That a gate or layer operation is completely-positive and trace-preserving (CPTP) can be guaranteed if the operation is given by $\hat{O} = \exp{\mathcal{L}}$ where $\mathcal{L}$ takes the Lindblad form: $$\mathcal{L}: \rho \rightarrow \sum_i -i\lambda_i[\rho,B_i] + \sum_{ij} \eta_{ij} \left( B_i \rho B_j^\dagger - \frac{1}{2}\left\{ B_i^\dagger B_j, \rho \right\} \right) $$ where $B_i$ range over the non-identity elements of the ($n$-qubit) Pauli basis, $\lambda_i$ is real, and $\eta \ge 0$ (i.e. the matrix $\eta_{ij}$ is Hermitian and positive definite). We call the $\lambda_i$ terms Hamiltonian error terms, and the (real) $\lambda_i$s the error rates or error coefficients. Likewise, the $\eta_{ij}$ terms are referred to generically as non-Hamiltonian error terms. In the special case where the $\eta$ matrix is diagonal, the terms are called Pauli stochastic error terms and the (real) $\eta_{ii} > 0$ are error rates. Technical note: While all maps of the above form ($\hat{O}$) are CPTP, not all CPTP maps are of this form. $\hat{O}$ is the form of all infinitesimally-generated CPTP maps.

The LindbladOp class represents an operation $e^{\mathcal{L}} U_0$, where $U_0$ is a unitary (super-)operator and $\mathcal{L}$ takes the Lindblad form given above. LindbladOp objects contains a LindbladErrorgen object that encapsulates the Lindbladian exponent $\mathcal{L}$. Lindblad operators are among the most complicated of all the operators in pyGSTi, so bear with us as we try to present things in an organized and comprehensible way.

Let's start by making a LindbladOp from a dense gate matrix:

In [5]:

cptpOp = po.LindbladOp.from_operation_matrix(gate_mx)

A LindbladOp does not hold a dense representation of its process matrix (it's not a DenseOperator), and so you cannot access it like a Numpy array. If you want a dense representation, you can either use a LindbladDenseOp, which is essentially a dense version of a LindbladOp, or you can call the todense() method (which works on dense operators too!):

In [6]:

print(cptpOp)
print("dense representation = ")
pygsti.tools.print_mx(cptpOp.todense()) # see this equals `gate_mx`

Now let's look at the parameters of cptpOp.

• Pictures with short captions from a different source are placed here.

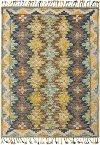 Clearance 8 x 10 Large Green, Brown, Ivory, and Blue Rug - Lily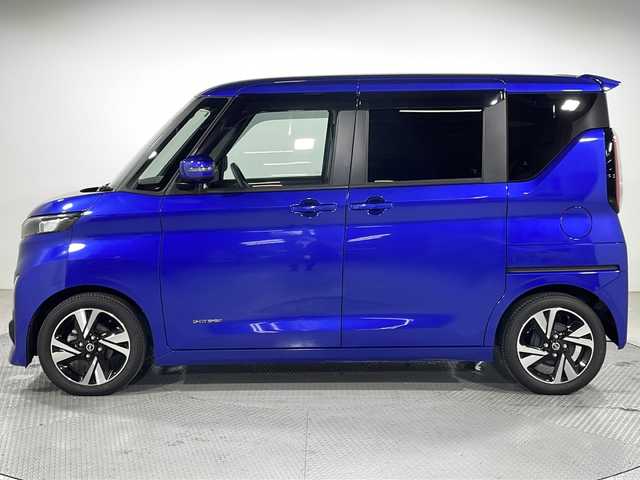 日産 ルークス HWS Gターボ プロパイロットED 広島県 2021(令3)年 3.7万km アトランティックブルー 禁煙/純正９型ナビ(MM320D-L)/アラウンドビューモニター/レーダークルーズコントロール/ハンズフリー機能付両側パワースライドドア/ホールド機能付電動パーキングブレーキ/アダブティブヘッドライト/ドラレコ/ＥＴＣ/衝突軽減/レーンキープ/オートマチックハイビーム/踏み間違い防止/コーナーセンサー/ＬＥＤヘッドライト/フォグランプ/純正15インチアルミホイール(165/55/R15)/エアバッグ(運転席/助手/サイド/カーテン)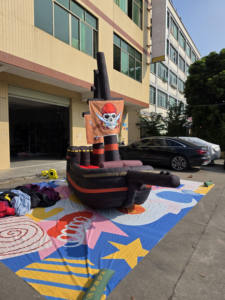 QIQU - Barco Pirata Inflable Gigante de 4 Metros de Largo, de Tela Oxford 210D con Ventilador, para Eventos, Publicidad Premium - Product Image 2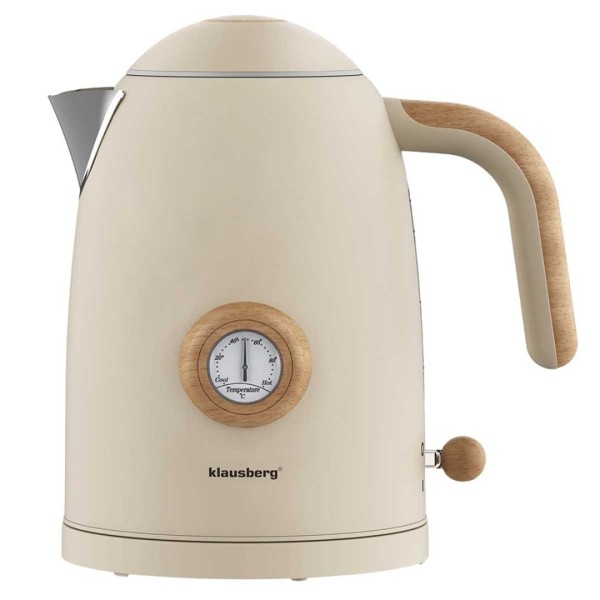 Електричний чайник 1,7 л з термометром Klausberg KB-9020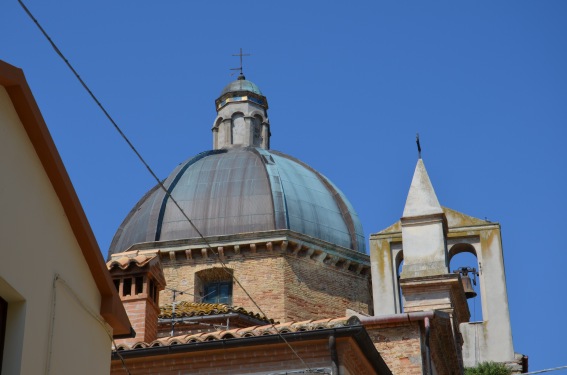 Cupola della Chiesa dell'Annunziata a Montepagano di Roseto degli Abruzzi (Te)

By default, the $\mathcal{L}$ of a LindbladErrorgen is parameterized such that $\eta \ge 0$ and the LindbladOp map is CPTP. There are several other ways a $\mathcal{L}$ can be parameterized, and these are specified by the values of the nonham_mode and param_mode arguments of construction functions like from_operation_matrix we used above. Here's a quick rundown on these options:

The value of nonham_mode dictates what elements of $\eta$ are allowed to be nonzero. Allowed values are:

"all": all $\eta_{ij}$ elements can vary, possibly with constraints (see value of param_mode).
"diagonal" : $\eta$ is diagonal; $\eta_{ij} = 0$ when $i \ne j$.
"diag_affine": a special mode where we keep track of the diagonal elements of $\eta$ and a set of affine-error coefficients.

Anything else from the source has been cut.